After returning to Moscow, Meyerhold founded his own theater in 1920, which was known as The Meyerhold Theater until 1938. Meyerhold fiercely confronted the principles of theatrical academism, claiming that they were incapable of finding a common language with the new reality. Meyerhold’s methods of scenic constructivism and "circusization" of theater were used in his most successful works of the time, including Nikolai Erdman's The Mandate, Mayakovsky’s Mistery-Bouffe, Fernand Crommelynck's Le Cocu Magnifique, and Alexander Sukhovo-Kobylin’s Tarelkin’s Death. Mayakovsky collaborated with Meyerhold several times, and it is said that Mayakovsky wrote his play, The Bed Bug, especially for him; Meyerhold continued to stage Mayakovsky's productions even after the latter's suicide. The actors participating in Meyerhold’s productions acted according to the principle of biomechanics, the system of actor training that was later taught in a special acting school created by Meyerhold.
Meyerhold gave initial boosts to the stage careers of some of the most distinguished comic actors of the Soviet Union, including Igor Ilyinsky and Erast Garin. Both starred in his landmark production of Nikolai Gogol's The Inspector General (1926), as the "full of energy, mischievous, charming Ilyinsky left his post to the nervous, fragile, suddenly freezing, grotesquely anxious Garin. Energy was replaced by trance, the dynamic with the static, happy jesting humour with bitter and glum satire".
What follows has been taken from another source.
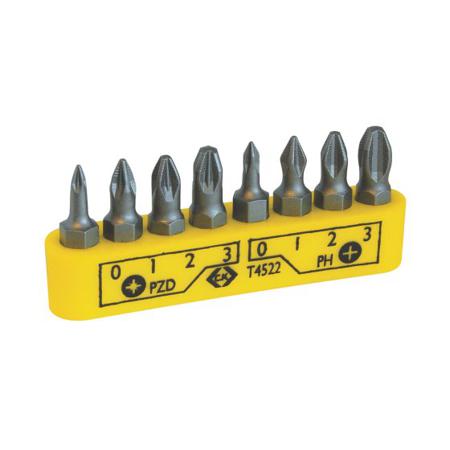 T4522 CK Bit Set 8 Pieces, Phillips, Pozidriv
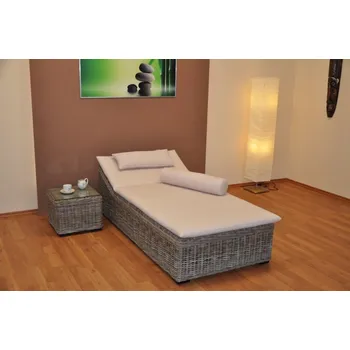 Zahradní lehátko Axin Trading s.r.o. Ratanové lehátko Karola s odkládacím stolkem, polstr bílý Axin Trading s.r.o.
Meyerhold's acting technique was opposite to Constantin Stanislavski's Stanislavski System and Lee Strasberg's subsequent Method Acting. Where method acting melded the character with the actor's own personal memories to create the character’s internal motivation, Meyerhold connected psychological and physiological processes and focused on learning gestures and movements as a way of expressing outward emotion. He argued that people feel physically before they feel emotionally, so that by practicing and assuming poses, gestures, and movements, emotions will automatically occur. He developed a number of body expressions that his actors would use to portray specific emotions and characters.
Meyerhold inspired revolutionary artists and filmmakers such as Sergei Eisenstein, whose films employed actors who worked in Meyerhold’s tradition. An example of his style of acting can be found in the films of Eisenstein, who cast actors based on what they looked like and their expression, and who followed Meyerhold’s stylized acting methods. In Strike!, which portrays the beginnings of the Bolshevik revolution, the oppressive bourgeois are always obese, drinking, eating, and smoking, whereas the workers are athletic and chiseled.
Meyerhold was strongly opposed to socialist realism, and in the beginning of the 1930s, when Joseph Stalin clamped down on all avant-garde art and experimentation, his works were proclaimed antagonistic and alien to the Soviet people. His theater was closed down in 1938, and a year later Meyerhold was arrested and imprisoned. His wife, actress Zinaida Raikh, was found dead in their Moscow apartment. He was brutally tortured and forced to make a confession that he murdered her, which he later recanted before the court. He was sentenced to death by firing squad on February 1, 1940. The date of his death is unclear; some sources say he was executed on February 2, 1940. The Soviet government cleared him of all charges in 1955, during the first wave of destalinization.